## TASK REQUIREMENTS:
When you reach the line containing "Cover image for", start transcribing exactly and continue through the last line of the data, skipping every picture.

[Stored data entries]
[Start of Attachment]

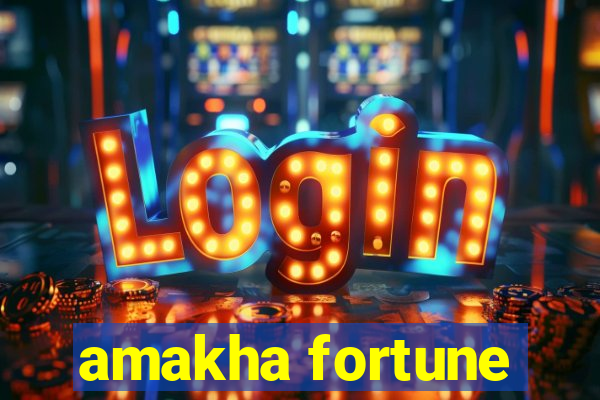 amakha fortune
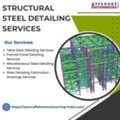 Streamline Steel Projects With Expert Structural Steel Detailing Services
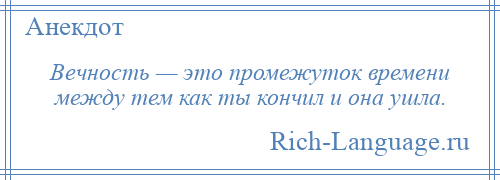 
    Вечность — это промежуток времени между тем как ты кончил и она ушла.
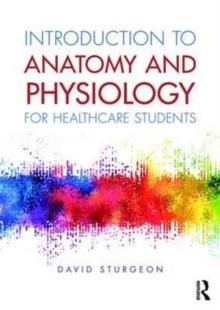 Image for Introduction to anatomy and physiology for healthcare students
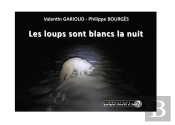 Les Loups Sont Blancs La Nuit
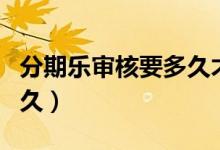 分期樂(lè)審核要多久才能通過(guò)（分期樂(lè)審核要多久）
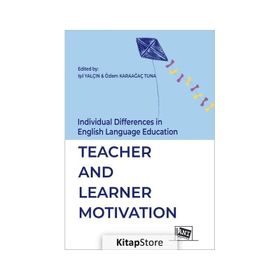 İndividual Differences In English Language Education: Teacher and Learner Motivation Anı Yayıncılık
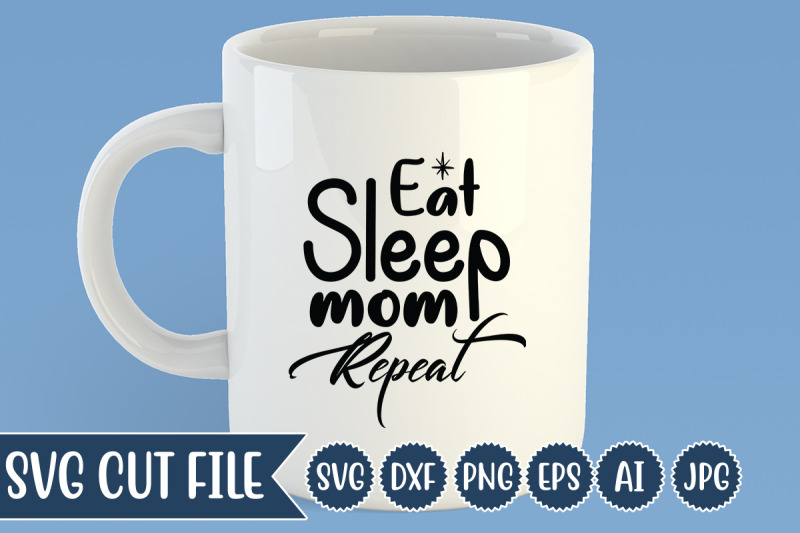 eat-sleep-mom-repeat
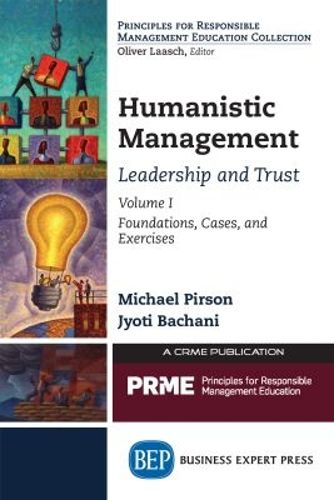 Cover image for Humanistic Management: Leadership and Trust, Volume 1: Foundations, Cases, and Exercises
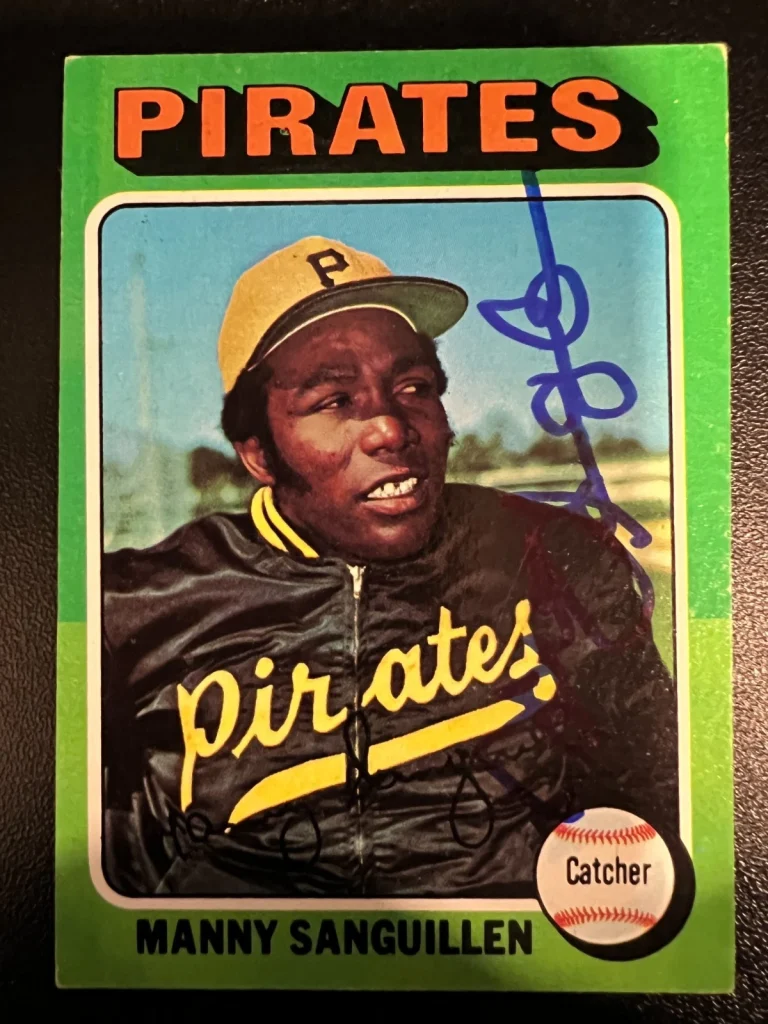 MANNY SANGUILLEN PITTSBURGH PIRATES SIGNED 1975 TOPPS CARD #515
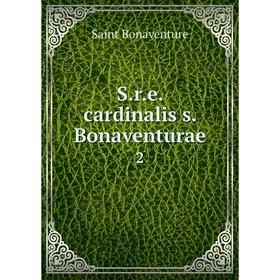 

Книга S.r.e. cardinalis s. Bonaventurae 2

[End of Attachment]

## EXERCISE RESPONSE:
 Cover image for Humanistic Management: Leadership and Trust, Volume 1: Foundations, Cases, and Exercises
 MANNY SANGUILLEN PITTSBURGH PIRATES SIGNED 1975 TOPPS CARD #515

Книга S.r.e. cardinalis s. Bonaventurae 2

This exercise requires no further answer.